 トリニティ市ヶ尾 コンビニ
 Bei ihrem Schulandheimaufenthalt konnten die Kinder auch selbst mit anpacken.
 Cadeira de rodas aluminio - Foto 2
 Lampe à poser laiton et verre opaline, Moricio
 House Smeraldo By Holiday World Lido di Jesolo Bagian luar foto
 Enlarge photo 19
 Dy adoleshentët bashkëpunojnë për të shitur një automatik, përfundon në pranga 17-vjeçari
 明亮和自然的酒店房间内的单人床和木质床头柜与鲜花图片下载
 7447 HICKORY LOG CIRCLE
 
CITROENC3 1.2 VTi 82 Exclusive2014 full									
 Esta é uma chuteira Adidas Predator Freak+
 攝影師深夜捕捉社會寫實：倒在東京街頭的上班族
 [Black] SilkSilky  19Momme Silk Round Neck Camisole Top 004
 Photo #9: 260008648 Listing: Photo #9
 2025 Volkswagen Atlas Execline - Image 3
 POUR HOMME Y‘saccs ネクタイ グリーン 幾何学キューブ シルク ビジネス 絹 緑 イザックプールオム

⁂

TASK PROMPT:
Copy the material above exactly. Include every line.

YOUR SOLUTION:
 トリニティ市ヶ尾 コンビニ
 Bei ihrem Schulandheimaufenthalt konnten die Kinder auch selbst mit anpacken.
 Cadeira de rodas aluminio - Foto 2
 Lampe à poser laiton et verre opaline, Moricio
 House Smeraldo By Holiday World Lido di Jesolo Bagian luar foto
 Enlarge photo 19
 Dy adoleshentët bashkëpunojnë për të shitur një automatik, përfundon në pranga 17-vjeçari
 明亮和自然的酒店房间内的单人床和木质床头柜与鲜花图片下载
 7447 HICKORY LOG CIRCLE
 
CITROENC3 1.2 VTi 82 Exclusive2014 full									
 Esta é uma chuteira Adidas Predator Freak+
 攝影師深夜捕捉社會寫實：倒在東京街頭的上班族
 [Black] SilkSilky  19Momme Silk Round Neck Camisole Top 004
 Photo #9: 260008648 Listing: Photo #9
 2025 Volkswagen Atlas Execline - Image 3
 POUR HOMME Y‘saccs ネクタイ グリーン 幾何学キューブ シルク ビジネス 絹 緑 イザックプールオム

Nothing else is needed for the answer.